● **TASK BRIEF**
Every record must come back unchanged, apart from the pictures, which are dropped.

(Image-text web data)
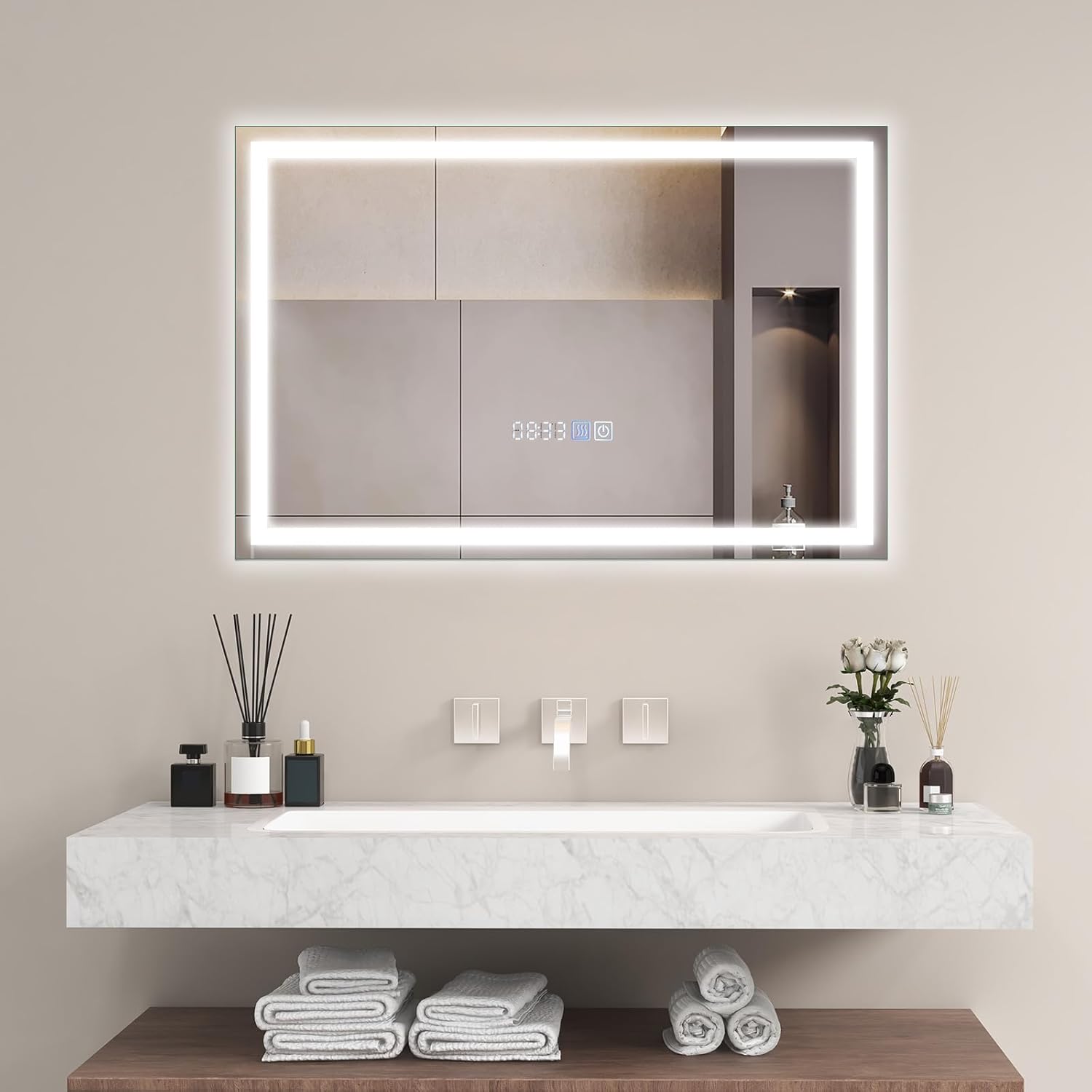 Miroir LED Salle De Bain HOKO 60x80 Cm - 3 Couleurs LED, Tactile, Antibuée, IP44 - Design Moderne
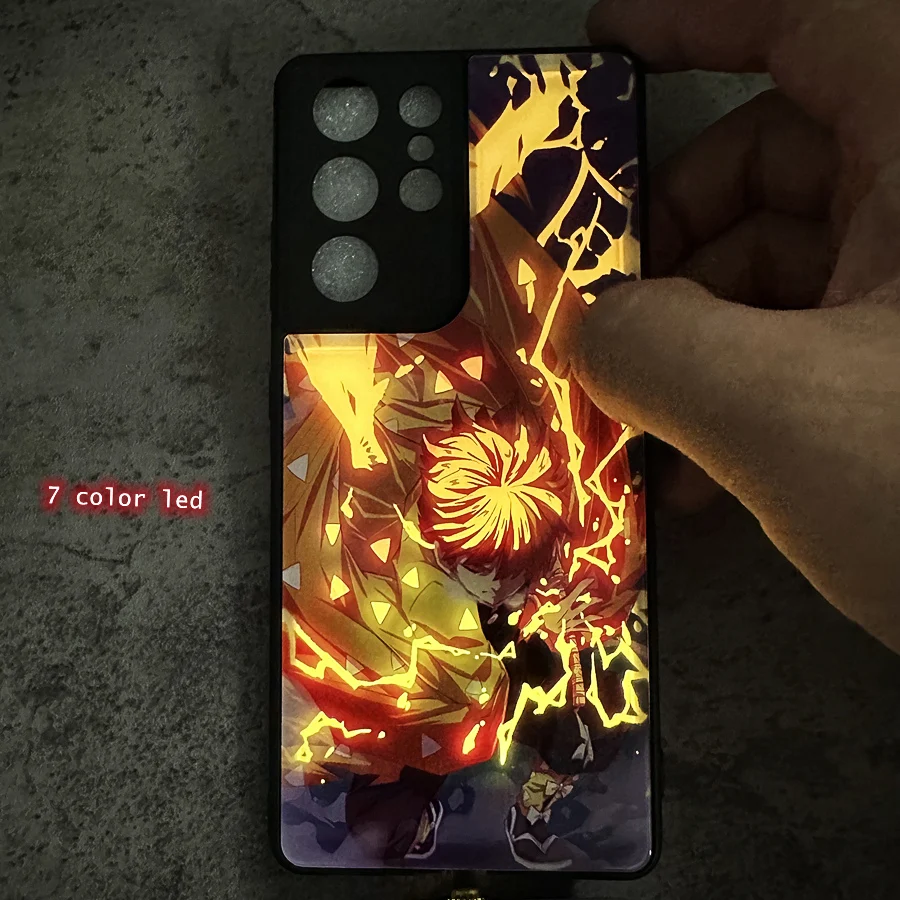 LED phone case - tempered glass back with TPU frame protection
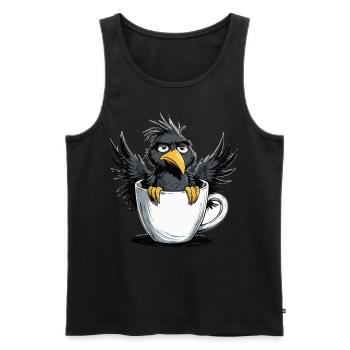 Bird don't want coffee before you ask no - Men's Premium Organic Tank Top - black - Front - AI Model Male 178 light (178cm)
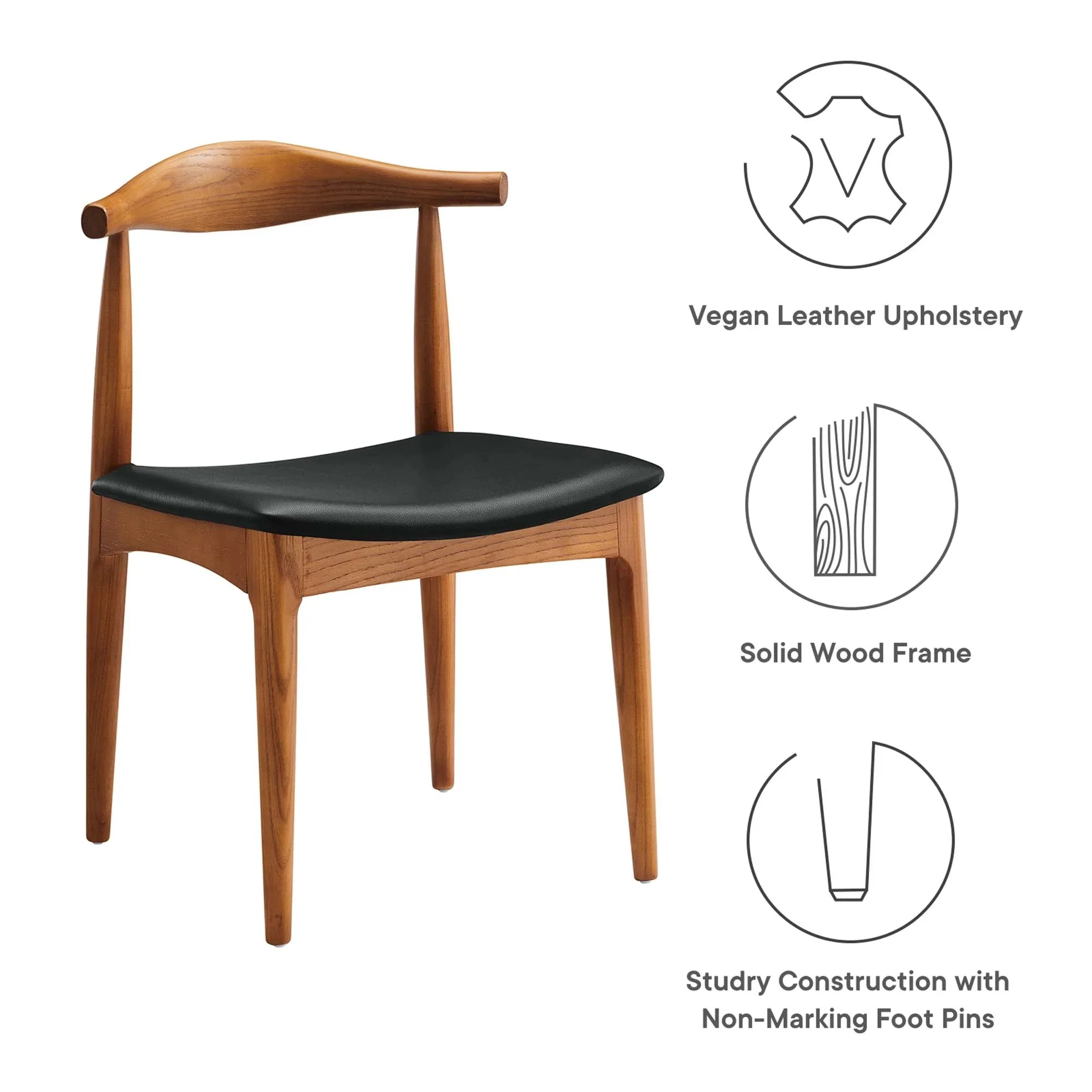 Curved Back Wood Dining Side Chair with Leatherette Seat - Image 7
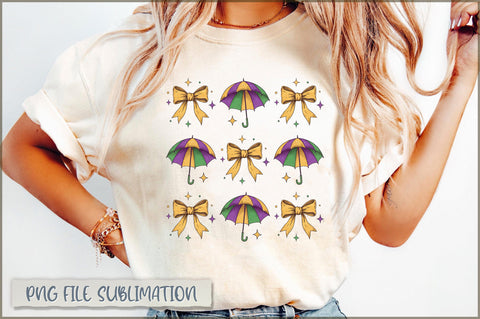 Coquette Happy Mardi Gras Bow PNG Sublimation Shetara Begum 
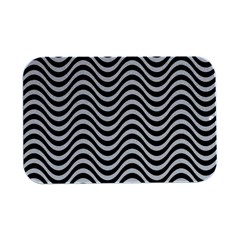 Black White Wave Pattern Wavy Water Seamless Open Lid Metal Box (silver)   by Posterlux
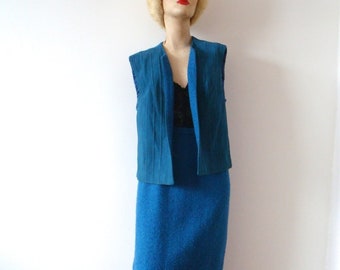 1960s Pencil Skirt and Vest - Blue 2 Piece Suit - mod designer vintage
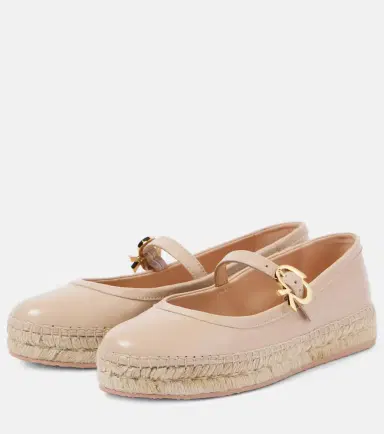 Gianvito Rossi Leather and raffia espadrilles | Thumbnail 2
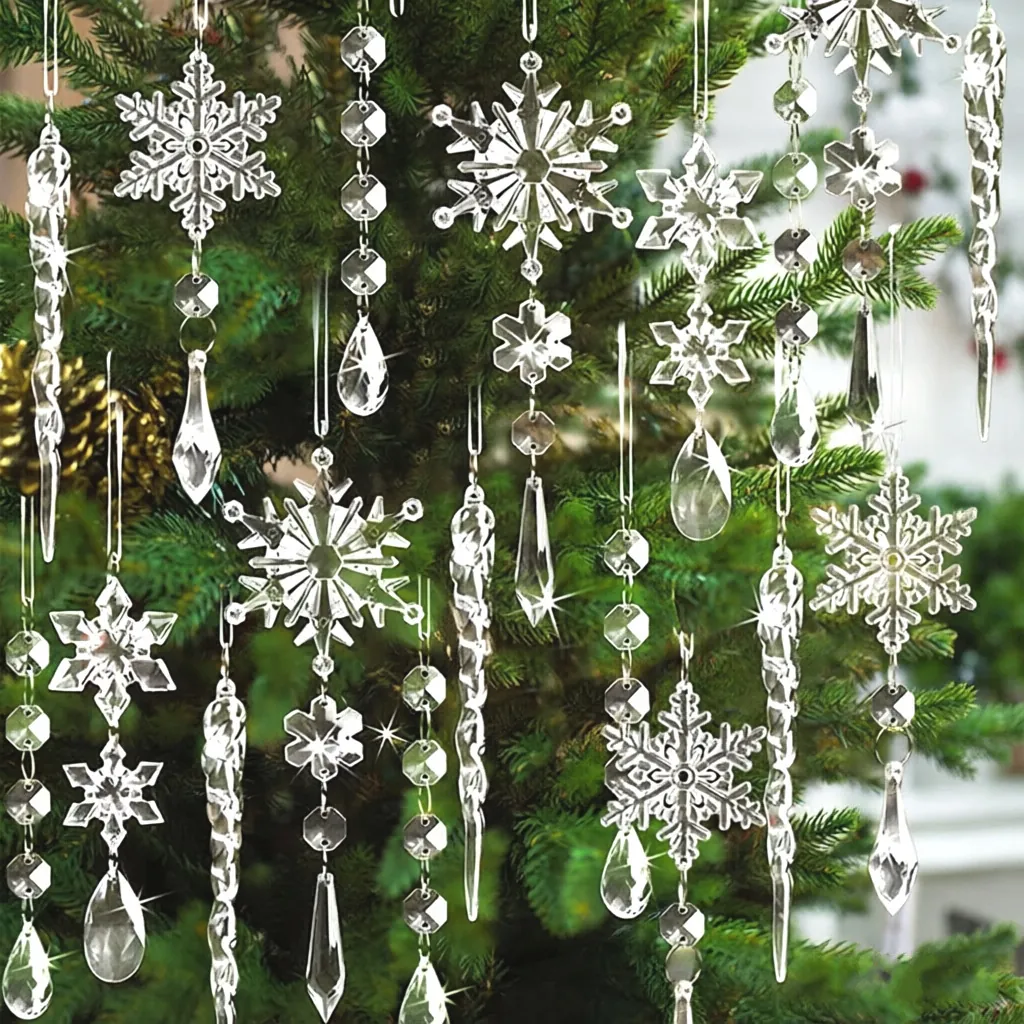 Clear Acrylic Christmas Ornaments Snowflake Icicle Hanging Decorations For Festive Holiday Tree Decor Accessories Winter Party Supplies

● **WRITTEN SOLUTION**
 Miroir LED Salle De Bain HOKO 60x80 Cm - 3 Couleurs LED, Tactile, Antibuée, IP44 - Design Moderne
 LED phone case - tempered glass back with TPU frame protection
 Bird don't want coffee before you ask no - Men's Premium Organic Tank Top - black - Front - AI Model Male 178 light (178cm)
 Curved Back Wood Dining Side Chair with Leatherette Seat - Image 7
 Coquette Happy Mardi Gras Bow PNG Sublimation Shetara Begum 
 Black White Wave Pattern Wavy Water Seamless Open Lid Metal Box (silver)   by Posterlux
 1960s Pencil Skirt and Vest - Blue 2 Piece Suit - mod designer vintage
 Gianvito Rossi Leather and raffia espadrilles | Thumbnail 2
 Clear Acrylic Christmas Ornaments Snowflake Icicle Hanging Decorations For Festive Holiday Tree Decor Accessories Winter Party Supplies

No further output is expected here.